Ce discours traduit un ton conciliant, plaçant la coopération au cœur de son mandat et laissant entrevoir un apaisement après plus d’un an de tensions.
Les experts appellent à la prudence
Pour les observateurs, la nomination de la nouvelle ambassadrice est un geste diplomatique fort mais fragile. Selon Dr Aïssata Diallo, spécialiste des transitions en Afrique de l’Ouest, « la normalisation entre Abidjan et Niamey est possible, mais elle dépendra des actes concrets : coopération sécuritaire, échanges économiques et surtout respect mutuel de la souveraineté ». De son côté, l’enseignant-chercheur ivoirien Mamadou Bamba estime que « ce retour à la communication officielle est une nécessité, notamment face aux défis communs que sont le terrorisme, les migrations et le commerce transfrontalier ».
L’ombre de l’AES et la diplomatie régionale
Cette évolution doit également être replacée dans le cadre de l’Alliance des États du Sahel (AES), regroupant le Niger, le Mali et le Burkina Faso, en opposition avec la CEDEAO. La Côte d’Ivoire, qui demeure un acteur majeur de l’organisation régionale, cherche un équilibre entre sa ligne ferme affichée au lendemain des coups d’État et la nécessité de maintenir ouverts les canaux diplomatiques avec ses voisins.

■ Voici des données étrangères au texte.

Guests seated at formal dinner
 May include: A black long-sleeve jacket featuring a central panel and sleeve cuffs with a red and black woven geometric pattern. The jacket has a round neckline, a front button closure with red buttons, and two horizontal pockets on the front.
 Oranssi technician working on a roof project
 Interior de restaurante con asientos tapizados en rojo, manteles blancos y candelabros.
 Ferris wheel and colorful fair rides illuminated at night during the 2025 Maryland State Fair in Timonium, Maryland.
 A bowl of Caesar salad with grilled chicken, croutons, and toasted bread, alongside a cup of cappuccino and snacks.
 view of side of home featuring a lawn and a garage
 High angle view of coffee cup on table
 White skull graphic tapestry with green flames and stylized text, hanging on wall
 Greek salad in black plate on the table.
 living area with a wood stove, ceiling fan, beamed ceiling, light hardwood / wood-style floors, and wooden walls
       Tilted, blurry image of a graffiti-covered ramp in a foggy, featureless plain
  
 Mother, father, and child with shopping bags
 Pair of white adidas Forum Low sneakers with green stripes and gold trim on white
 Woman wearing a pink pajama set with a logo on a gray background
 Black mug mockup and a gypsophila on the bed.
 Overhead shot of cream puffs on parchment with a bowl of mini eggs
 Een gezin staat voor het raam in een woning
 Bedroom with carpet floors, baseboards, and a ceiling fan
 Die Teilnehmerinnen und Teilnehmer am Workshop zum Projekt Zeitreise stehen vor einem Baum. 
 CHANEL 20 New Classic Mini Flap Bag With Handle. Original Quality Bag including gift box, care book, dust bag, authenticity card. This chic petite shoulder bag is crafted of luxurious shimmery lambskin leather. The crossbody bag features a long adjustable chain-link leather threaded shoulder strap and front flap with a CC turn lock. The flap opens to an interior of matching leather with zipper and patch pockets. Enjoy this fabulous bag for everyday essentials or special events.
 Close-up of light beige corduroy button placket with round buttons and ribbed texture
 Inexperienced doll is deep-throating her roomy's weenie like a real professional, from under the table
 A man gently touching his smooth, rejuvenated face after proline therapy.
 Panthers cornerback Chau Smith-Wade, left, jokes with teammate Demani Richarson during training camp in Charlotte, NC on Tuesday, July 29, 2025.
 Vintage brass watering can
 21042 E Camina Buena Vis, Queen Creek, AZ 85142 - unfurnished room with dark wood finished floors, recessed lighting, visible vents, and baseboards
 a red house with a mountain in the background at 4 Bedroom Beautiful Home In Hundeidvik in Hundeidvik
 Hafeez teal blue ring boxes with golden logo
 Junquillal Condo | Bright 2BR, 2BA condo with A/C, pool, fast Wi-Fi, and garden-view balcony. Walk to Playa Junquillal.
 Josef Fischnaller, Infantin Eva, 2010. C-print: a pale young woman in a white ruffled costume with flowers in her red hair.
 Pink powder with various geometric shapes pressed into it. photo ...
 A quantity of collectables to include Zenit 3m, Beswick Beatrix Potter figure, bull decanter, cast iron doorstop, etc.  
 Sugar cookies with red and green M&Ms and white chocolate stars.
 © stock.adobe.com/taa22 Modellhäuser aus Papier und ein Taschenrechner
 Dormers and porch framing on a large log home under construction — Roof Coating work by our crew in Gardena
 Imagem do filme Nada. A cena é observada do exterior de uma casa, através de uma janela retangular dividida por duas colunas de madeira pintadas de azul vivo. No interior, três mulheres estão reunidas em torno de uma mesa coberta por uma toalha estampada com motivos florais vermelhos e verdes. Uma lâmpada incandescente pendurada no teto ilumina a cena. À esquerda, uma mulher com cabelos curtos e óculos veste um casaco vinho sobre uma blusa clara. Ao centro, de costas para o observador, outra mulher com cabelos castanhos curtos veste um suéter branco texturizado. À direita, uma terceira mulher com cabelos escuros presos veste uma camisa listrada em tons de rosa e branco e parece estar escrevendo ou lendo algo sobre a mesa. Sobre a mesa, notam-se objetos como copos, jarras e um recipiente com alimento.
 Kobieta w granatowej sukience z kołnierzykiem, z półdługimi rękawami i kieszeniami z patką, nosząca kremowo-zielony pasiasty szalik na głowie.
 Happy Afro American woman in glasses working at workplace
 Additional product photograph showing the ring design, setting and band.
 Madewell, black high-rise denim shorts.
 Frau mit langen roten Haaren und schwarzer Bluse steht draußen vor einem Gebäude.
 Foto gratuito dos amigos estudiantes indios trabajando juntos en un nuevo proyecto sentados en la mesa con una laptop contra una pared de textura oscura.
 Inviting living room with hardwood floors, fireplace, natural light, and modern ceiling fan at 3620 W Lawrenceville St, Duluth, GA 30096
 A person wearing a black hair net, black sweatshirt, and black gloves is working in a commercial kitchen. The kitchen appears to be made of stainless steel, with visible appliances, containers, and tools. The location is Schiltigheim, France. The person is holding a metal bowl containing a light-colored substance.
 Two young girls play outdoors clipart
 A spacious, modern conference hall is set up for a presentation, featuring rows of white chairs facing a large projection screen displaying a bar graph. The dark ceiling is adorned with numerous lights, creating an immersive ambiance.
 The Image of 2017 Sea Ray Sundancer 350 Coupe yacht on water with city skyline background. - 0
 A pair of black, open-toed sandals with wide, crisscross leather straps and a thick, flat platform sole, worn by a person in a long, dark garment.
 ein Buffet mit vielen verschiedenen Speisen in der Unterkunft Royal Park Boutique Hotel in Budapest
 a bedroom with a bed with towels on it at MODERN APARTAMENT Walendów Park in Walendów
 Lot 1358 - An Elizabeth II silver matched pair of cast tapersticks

À titre illustratif, l’invitation adressée par le président Ouattara au colonel Assimi Goïta pour une visite officielle en Côte d’Ivoire, depuis fin 2023, qui attend encore une sans réponse de Bamako. Même si ce silence pourrait symboliser la persistance de possibles réticences de la part du palais de Koulouba vis-à-vis d’Abidjan, cela dénote toute de même qu’au bord de la Lagune Ebrié, on garde la porte ouverte à un dialogue futur avec les dirigeants de l’AES.
La présence d’une ambassadrice nigérienne accréditée à Abidjan constitue ainsi un signe de décrispation en marche. Si elle se confirme par des échanges bilatéraux renforcés et des initiatives de coopération, cette dynamique pourrait contribuer à réduire les tensions entre la CEDEAO et l’AES et à stabiliser un environnement régional en proie à de multiples défis.